Pasalnya, Pusat Data Nasional memiliki fungsi yang sangat strategis, yaitu melindungi kedaulatan data nasional dan melindungi data pribadi.
“Tapi semuanya di-hack dan kemudian semuanya tergopoh-gopoh (berbenah). What’s wrong with this?” tanya Nurul, dikutip dari siaran pers terpisah.
Politikus Fraksi Partai Golkar itu juga menyoroti adanya permintaan uang tebusan sebesar 8 juta Dolar AS atau Rp 131 miliar, yang mana ini digadang-gadang sebagai biaya untuk membuka file yang terenkripsi tersebut.
“Pertanyaanya siapa yang meminta tebusan? Dan Bapak harus bayar ke mana? Pelakunya siapa? Pertanyaan berikutnya apakah pelakunya ada indikasi dari internal? Apakah mereka yang menjual teknologi karena teknologinya ingin dibeli? Atau pelakunya bisa jadi orang yang marah karena usaha judi online-nya diganggu oleh Bapak misalnya? Apakah mereka yang marah?" cecar dia.

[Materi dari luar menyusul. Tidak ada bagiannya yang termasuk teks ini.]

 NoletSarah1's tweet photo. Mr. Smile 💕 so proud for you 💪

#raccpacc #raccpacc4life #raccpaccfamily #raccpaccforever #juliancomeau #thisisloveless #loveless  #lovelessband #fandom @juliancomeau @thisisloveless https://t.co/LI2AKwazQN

Nurul turut mempertanyakan pertanggungjawaban fasilitas data backup yang telah disediakan oleh PT Lintasarta maupun PT Telkom di PDN.

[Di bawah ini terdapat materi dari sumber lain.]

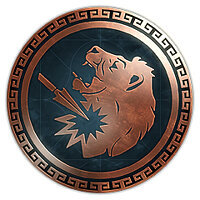 Трофей {trophy} в игре Assassin's Creed Odyssey для PS4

“Apakah mereka atas ketidakmampuan mereka memenuhi service level agreement itu? Tanggung jawab mereka di mana? Pasti ada kontrak gitu ya? Kemudian seberapa besar kerugian finansial dan non finansial dari perkara ini?" tegasnya.
Kronologi ransomware serang Pusat Data Nasional
Diketahui PDNS 2 Surabaya ini mengalami serangan siber dalam bentuk ransomware sejak Senin, 17 Juni 2024 sekitar tengah malam.
Tiga hari kemudian, PDNS mulai mengalami infeksi perangkat lunak berbahaya (malicious software) atau malware.
Puncaknya, PDNS mulai tidak bisa diakses sejak Kamis, 20 Juni 2024. Akibatnya, layanan publik yang menggunakan data dari PDNS pun tidak bisa diakses, termasuk layanan Imigrasi.
Pada Senin, 24 Juni 2024, seminggu setelah serangan siber terhadap PDNS terjadi pertama kali, barulah lembaga negara terkait, termasuk Badan Siber dan Sandi Negara (BSSN) dan Kementerian Komunikasi dan Informatika (Kominfo) menyampaikan kepada pers tentang situasinya.
Ketua BSSN Hinsa Siburian mengatakan bahwa serangan terhadap PDNS terjadi dalam bentuk ransomware Brain Chiper, varian terbaru dari Lockbit 3.0.
Adapun informasi lain menyebutkan bahwa akibat serangan tersebut, setidaknya 282 instansi pemerintah pengguna PDNS yang terdampak serangan siber tersebut.
Sebelumnya, Menteri Komunikasi dan Informatika (Menkominfo) Budi Arie Setiadi menjelaskan bahwa serangan siber terhadap server PDN ini menggunakan virus ransomware jenis baru yang dikenal sebagai Lockbit 3.0.
Menkominfo juga mengkonfirmasi adanya permintaan uang tebusan dari hacker yang meretas server PDN.
“Menurut tim, (uang tebusan) 8 juta dolar AS,” ujar Budi Arie di Kompleks Istana Kepresidenan, Jakarta, Senin (24/06/2024).